Oleh : Hadi Priyanto
Dalam kalawarti atau majalah berbahasa Melayu bernama Slompret Melayu yang terbit di Semarang pada tanggal 12 dan 17 Agustus 1883 dituliskan tentang kemeriahan pesta Lomban di Jepara.
Dalam majalah tersebut ditulis tentang lomban yang diadakan oleh nelayan seminggu setelah Hari Raya Idul Fitri. Pusat keramian berada di Teluk Jepara dan berakhir di Pulau Kelor setelah sebelumnya melarung sesaji berupa kepala kerbau di laut.
Dimanakah letak kedua daerah itu ? Teluk Jepara adalah sebutan untuk sebuah daerah yang lautnya menjorok ke daratan yang kini lebih dikenal sebagai Kelurahan Ujungbatu. Sedangkan Pulau Kelor adalah sebutan untuk Pantai Kartini yang kala itu masih terpisah dengan daratan Jepara dan dihubungan dengan rawa-rawa.
Di pulau Kelor ini dituliskan oleh Majalah Slompret Melayu tinggal seorang Melayu bernama Encik Lanang yang sangat dikenal. Bahkan karena pernah membantu Belanda dalam perang Bali, ia kemudian mendapatkan pinjaman pulau Panjang untuk memelihara ternaknya. Encik Lanang ini bersahabat dengan seorang tokoh bernama Ki Ronggo Mulyo yang tinggal di Teluk Jepara.
Konon menurut cerita tutur pada saat Adipati Citrosomo VII berkuasa, pada tahun 1855 ada dua pejabat kadipaten Jepara yang akan ke Karimunjawa. Mereka naik perahu dari Teluk Jepara. Namun setelah berlayar beberapa waktu, datang badai yang sangat besar yang membuat perahu mereka terombang-ambing.
Beruntung Ki Ronggo Mulyo dan Encik Lanang mengetahui peristiwa tersebut dan keduanya segera memberikan pertolongan hingga kedua pejabat tersebut berhasil diselamatkan dari amukan badai.
Dari peristiwa itu, kemudian pejabat kadipaten yang hampir tenggelam dan kedua tokoh dari Teluk Jepara dan Pulau Bokor yaitu Ki Ronggo Mulyo dan Encik Lanang, mulai membuat sesaji kepala kerbau.
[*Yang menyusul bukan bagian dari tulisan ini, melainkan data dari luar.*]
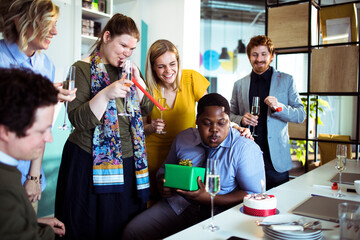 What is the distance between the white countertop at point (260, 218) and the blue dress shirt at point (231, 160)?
17 cm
Juga menggelar pertunjukan wayang sebagai ucapan syukur dan kegembiraan. Tentu dengan ijin Adipati Jepara Citrosomo VII.
Sesaji kepala kerbau tersebut dimaksudkan agar Hyang Maha Kuasa melindungi para nelayan dari segala malapetaka di laut dan mendapatkan hasil tangkapan ikan yang melimpah setiap tahunnya.
Selanjutnya, mereka memilih waktu untuk larungan yaitu tujuh hari setelah Hari Raya Idul Fitri. Kuat dugaan larungan pertama kali diadakan adalah setelah Hari Raya Idul Fitri 1303 H, saat kedua pejabat tersebut nyaris tenggelam. Atau satu tahun kemudian dan kemudian menjadi tradisi yang terpelihara sampai sekarang dan bahkan menjadi atraksi wisata yang paling menarik perhatian.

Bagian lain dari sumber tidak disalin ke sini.